The overtly political nature of the Whole Women’s Health v Jackson Supreme Court majority was widely noticed, including in “Blue States” hungry for more rational control of automatic weapons. If those who govern Texas can limit its vulnerability to lawsuits and achieve its goal by delegating to vigilantes the ability to file lawsuits prohibiting abortion, why can’t a blue state take a similar initiative? California did.

With leadership from Governor Gavin Newsom and a willing following in both houses of California’s legislature, it passed its California Firearm Industry Responsibility Act (CFIR) and other legislation, allowing private civil litigation from any California resident who has suffered as a result of illegal actions of gun manufacturers or dealers.

There was no secret that the act was modeled after what its proponents feel is the unconstitutional Texas statute.
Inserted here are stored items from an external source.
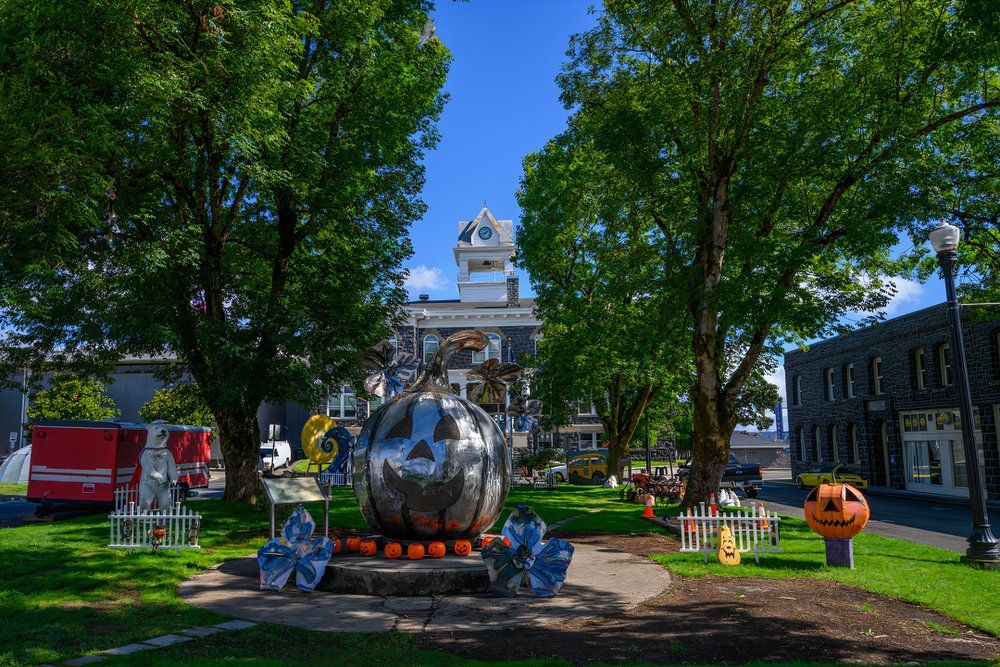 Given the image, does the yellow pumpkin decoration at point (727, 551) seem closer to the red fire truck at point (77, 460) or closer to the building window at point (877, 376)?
the red fire truck at point (77, 460)

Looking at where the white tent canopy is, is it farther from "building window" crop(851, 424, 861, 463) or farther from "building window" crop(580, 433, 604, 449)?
"building window" crop(851, 424, 861, 463)

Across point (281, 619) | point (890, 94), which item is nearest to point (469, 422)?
point (281, 619)

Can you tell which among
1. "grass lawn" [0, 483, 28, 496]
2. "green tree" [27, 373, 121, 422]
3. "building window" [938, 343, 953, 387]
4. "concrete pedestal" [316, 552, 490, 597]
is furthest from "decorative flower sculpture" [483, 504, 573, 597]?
"green tree" [27, 373, 121, 422]

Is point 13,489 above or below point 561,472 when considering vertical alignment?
above

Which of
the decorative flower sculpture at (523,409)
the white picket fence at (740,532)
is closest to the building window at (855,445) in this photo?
the decorative flower sculpture at (523,409)

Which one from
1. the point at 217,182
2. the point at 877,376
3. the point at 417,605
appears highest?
the point at 217,182

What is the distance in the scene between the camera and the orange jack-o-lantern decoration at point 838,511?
35.8ft

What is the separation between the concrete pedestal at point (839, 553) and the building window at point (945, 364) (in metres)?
24.3

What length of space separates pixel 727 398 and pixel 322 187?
11.4 metres

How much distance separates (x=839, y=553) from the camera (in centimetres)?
1129

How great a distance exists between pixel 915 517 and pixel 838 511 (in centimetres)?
1267

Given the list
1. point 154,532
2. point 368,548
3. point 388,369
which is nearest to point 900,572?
point 368,548

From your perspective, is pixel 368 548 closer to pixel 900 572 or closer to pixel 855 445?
pixel 900 572

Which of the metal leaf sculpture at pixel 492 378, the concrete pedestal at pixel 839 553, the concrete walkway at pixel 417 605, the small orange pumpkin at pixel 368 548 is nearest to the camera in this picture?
the concrete walkway at pixel 417 605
But if the Supreme Court will allow Texas to intimidate rights to access to abortion, California reasoned that the court has established the precedent which will allow similar citizen enforcement against gun manufacturers whose product kills or maims citizens in California.

The concept is sometimes called “the private right of action.” It specifically allows laws to be enforced by citizens, not only governmental entities. Many statutes have, or have been interpreted as having, private rights of action. In Arizona, the Consumer Fraud Statue, ARS 44-1521 was interpreted in 1974 as having such a right allowing direct citizen civil litigation. The Arizona anti-racketeering (RICO) act passed in 1978 had a private right of action which included mandatory tripling of RICO damages plus attorney’s fees.  The tactic was used by plaintiffs’ lawyers, myself included, to make claims against banks, insurance companies, and securities dealers for creating or furthering schemes or artifices to defraud.

The effectiveness of the remedy was noticed by the establishment powers which, over strong citizen objection, repealed the most important parts of the act which enabled strong enforcement by citizens. The remaining statute still appears in a weak form. The incentives to citizens harmed by fraud to use Arizona’s RICO statute were gutted.

But I divert. California’s statute allows for suits by any California resident, including California’s Attorney General, City Attorneys, county counsels, and everyday people who have suffered harm in California because of a firearm industry member which has violated the law’s prohibitions. The statute requires that a firearm industry member establish, implement, and enforce reasonable controls and take reasonable precautions to not sell, distribute, or provide a firearm related product to a downstream distributor who fails to establish similar precautions.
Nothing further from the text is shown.